Professora da Escola de Planejamento e Arquitetura na Universidade de Witwatersrand em Joanesburgo, Marie Huchzermeyer está desenvolvendo um estudo sobre a relação da produção intelectual de Henri Léfèbvre com suas viagens à América Latina. Esse é o tema da entrevista da edição nº 25 da Revista e-metropolis. Huchzermeyer enfatiza a importância de interpretações do direito à cidade a partir do ponto de vista de regiões semiperiféricas e de seus movimentos sociais urbanos, além de abordar outros assuntos relacionados.

A entrevista “Por uma leitura léfèbvriana da periferia — com Marie Huchzermeyer”, é um dos destaques da Revista e-metropolis nº 25.

A seguir um trecho da conversa realizada pelo pesquisador Erick Omena de Melo.

Erick Omena de MeloO influente conceito de direito à cidade colocou o valor de uso do espaço urbano no centro de uma nova pauta política e reconfigurou as possibilidades de pessoas comuns intervirem na produção do espaço. Isso está diretamente relacionado com a exigência, por parte de movimentos sociais urbanos, de um certo protagonismo popular, representado pelas ideias de “cidadanias insurgentes” e “planejamento de base”. Como você vê as diferenças e semelhanças desses processos na África do Sul e no Brasil?

Marie Huchzermeyer: Eu posso falar mais detalhadamente sobre a África do Sul. E, de diversas maneiras, a África do Sul fica para trás em relação ao Brasil. Isto porque apenas recentemente a população da África do Sul se tornou majoritariamente urbana – 63% dos sul-africanos vivem em cidades, de acordo com o último censo realizado em 2011. Assim, o urbano ainda não assume um protagonismo na construção das pautas políticas. Enquanto que no Brasil, isso já ocorre há um bom tempo – 20 anos atrás, mais de 80% da população já vivia em cidades.

Marie Huchzermeyer

Na África do Sul, apenas recentemente se tornou interessante para partidos políticos pensar de forma mais criativa sobre o urbano. Porque o eleitorado saiu de áreas rurais e foi para áreas urbanas. Esta é uma mudança que afeta até mesmo o ANC (Congresso Nacional Africano, partido no poder desde 1994 ). Isso não significa que o ANC esteja conseguindo atrair o voto urbano – o que seria importante para as lutas urbanas e sua inserção no debate público.  Mas isso significa que questões como o direito à cidade – com todas as suas implicações para a democratização dos processos decisórios – não têm ocupado o centro das atenções, um fato até então pouco questionado. Portanto, enquanto no Brasil houve um grande movimento de reforma urbana que conseguiu importantes vitórias através de mudanças constitucionais, da aprovação do Estatuto das Cidades e da luta por sua implementação – não há nada equivalente a isso na África do Sul.
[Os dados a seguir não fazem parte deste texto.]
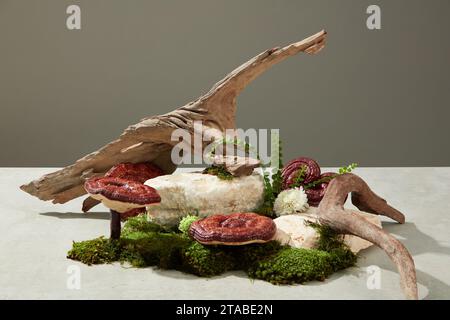 Concept pour produit médical avec ingrédient de champignon Lingzhi. Blocs de pierre décorés de brindilles, mousse et champignon ganoderma sur fond gris. E Banque D'Images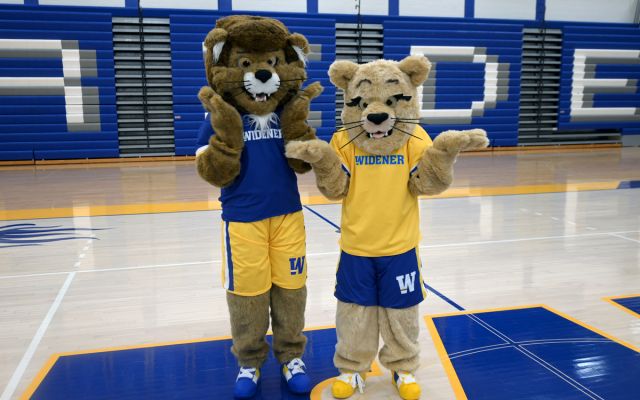 Mascots funny post 1200x750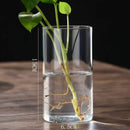 DecorBites™ Modern Glass Hydroponic Vase for Wedding Decor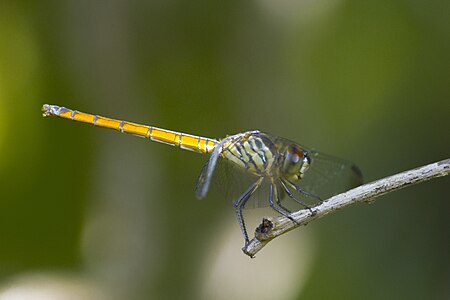 Lathrecista asiatica (പെൺതുമ്പി)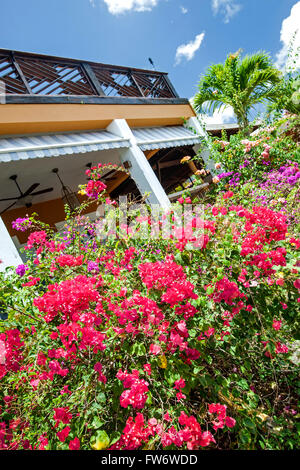 Blumen, Inn auf der blauen Horizont, Vieques, Puerto Rico Stockfoto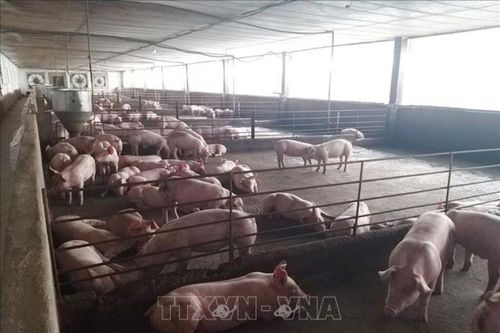 Tăng vùng an toàn dịch bệnh, đưa sản phẩm chăn nuôi ra thị trường thế giới
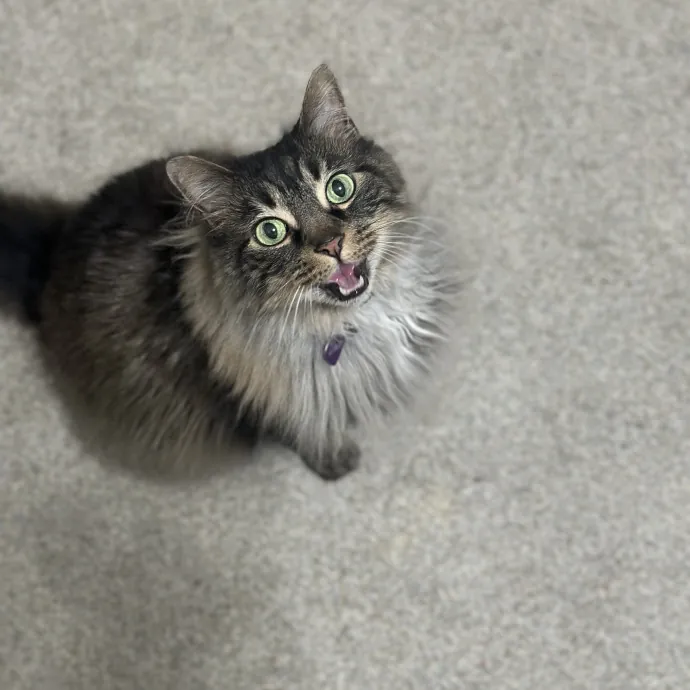 Purrfectly Reliable Cat Sitter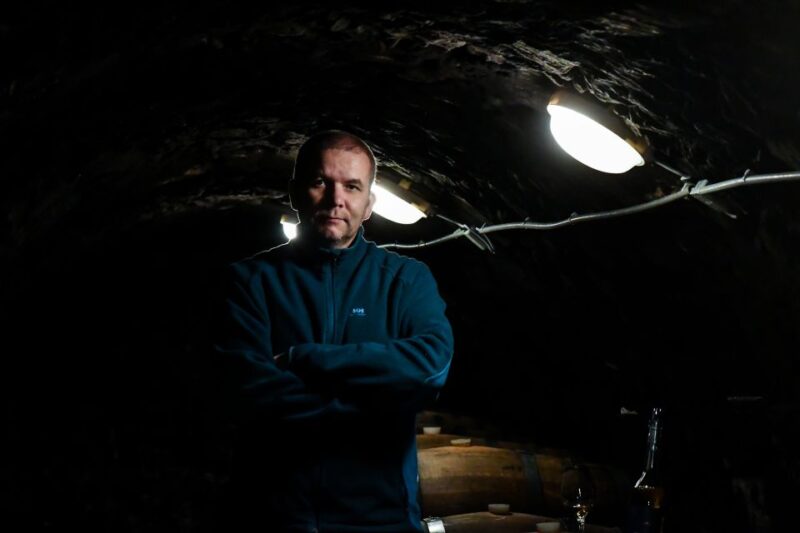 Tokaj: Vineyard Tour & Tasting - Walking Through the Vineyard: Scenic Views and Grape Varieties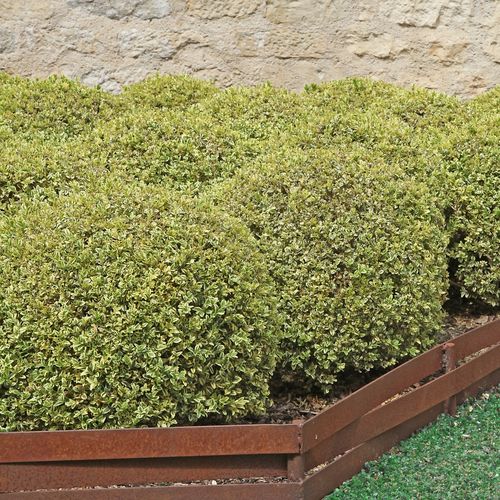 Doniczka 2-litrowa (C2) na Arena.pl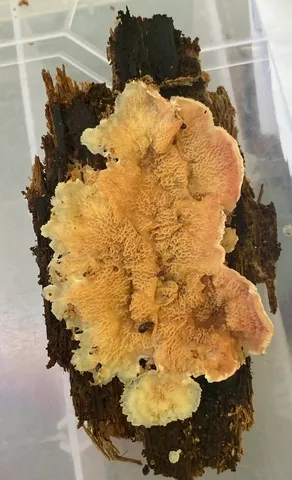 Trembling Crust (Merulius tremellosus)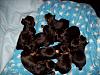 How Many Pups?-9pupse.jpg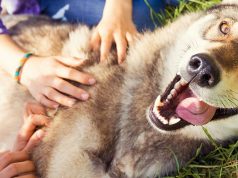 4 Eco-Friendly Activities to Do with Pets at Home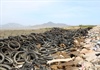 Ninh Thuận tiêu hủy hàng vạn lốp xe cũ sử dụng nuôi hàu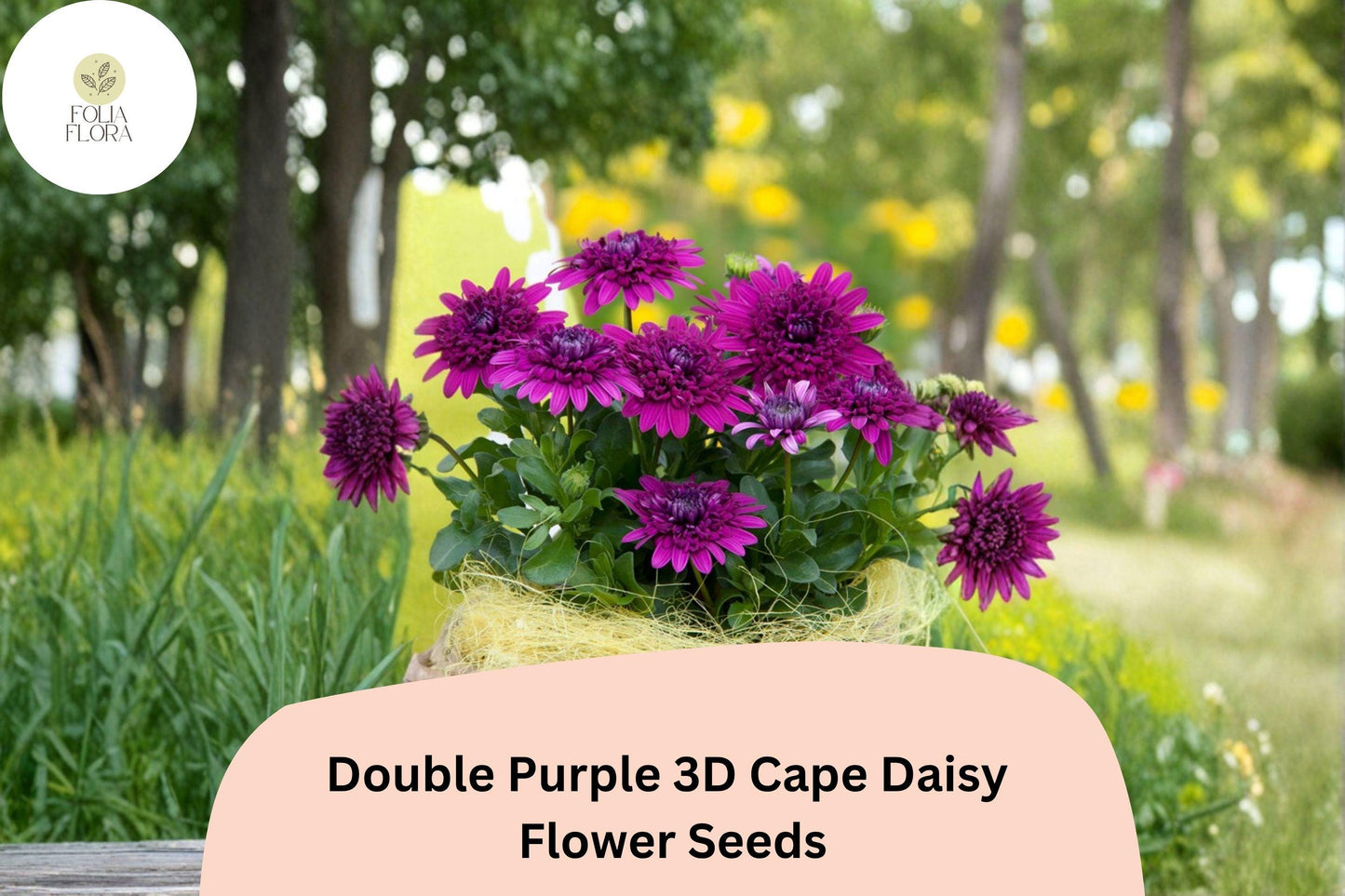 50+ Double Purple 3D Cape Daisy Seeds | Osteospermum ecklonis | Unique Layered Blooms | Garden Flower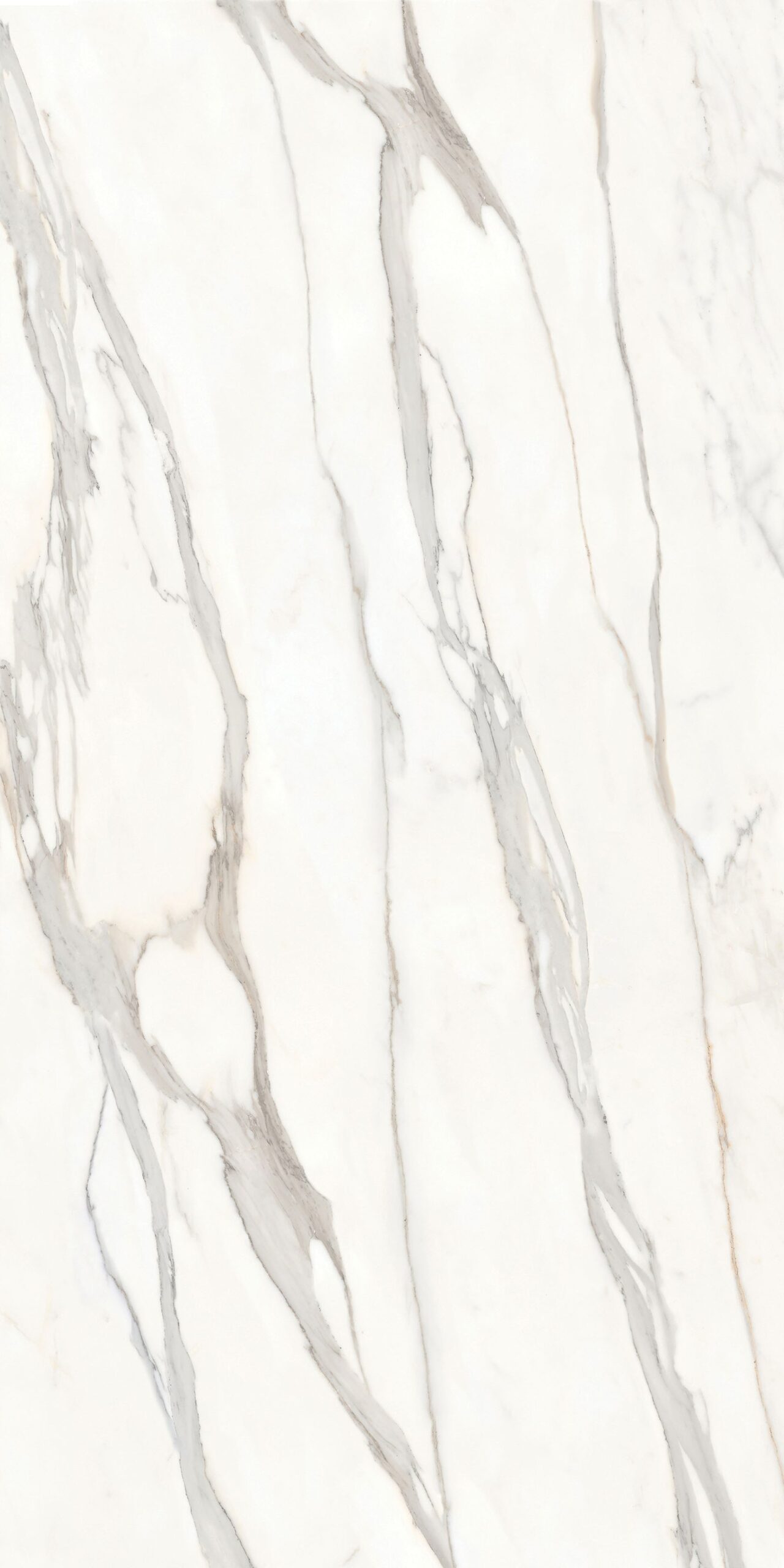 פלטת שיש Calacatta Borghini — דגם יוקרה באולם התצוגה של שיש ניר צבי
Havia uma rede bem pequena do setor urbano – representada por ONGs que cresceram no meio dos anos 1980 graças à necessidade de prover assistência técnica a movimentos populares baseados em assentamentos informais e conjuntos habitacionais –, que demandava urbanização durante o período de luta contra o apartheid. Um grupo de profissionais progressistas se organizou dentro destas ONGs, presentes nas principais cidades do país, colaborando muito para a constituição desse espaço de lutas urbanas. Contudo, houve uma grande mudança em 1994, quando o governo ganha legitimidade, fazendo com que o espaço dessas ONGs começasse a se dissipar. E o governo inicialmente passou a atender uma boa parte das demandas até então levantadas por elas. Só que, depois de dois anos, em 1996, o novo governo assumiu um caráter bem neoliberal. Consequentemente, as políticas de cunho mais participativo foram abandonadas. Ao mesmo tempo, as políticas públicas centradas na promoção do crescimento econômico se tornaram mais proeminentes e o planejamento passou a ser ditado de cima para baixo. E assim o desenvolvimento urbano passa a ser muito mais uma questão tratada por especialistas do que algo amplamente debatido.

Houve, ainda, uma mudança mais recente, oriunda do estabelecimento de novas pautas pelo Fórum Urbano Mundial. Dois anos atrás [2014], a determinação era de que os governos desenvolvessem políticas urbanas, o que é uma questão bastante importante a ser promovida no continente africano, pois pouquíssimos governos tinham uma política urbana para suas cidades. E, em resposta a este cenário, e também, em parte, em resposta a algumas dinâmicas internas, a África do Sul desenvolveu uma política de desenvolvimento urbano integrada através de um processo demorado e de participação bastante reduzida. Mas, pelo menos, esta política passou a existir (embora tentativas anteriores tenham ocorrido, elas nunca chegaram a lugar nenhum, uma vez que a pauta rural sempre foi mais importante). Essa é a primeira vez que uma política urbana pôde ver a luz do dia e a possibilidade de sua implementação.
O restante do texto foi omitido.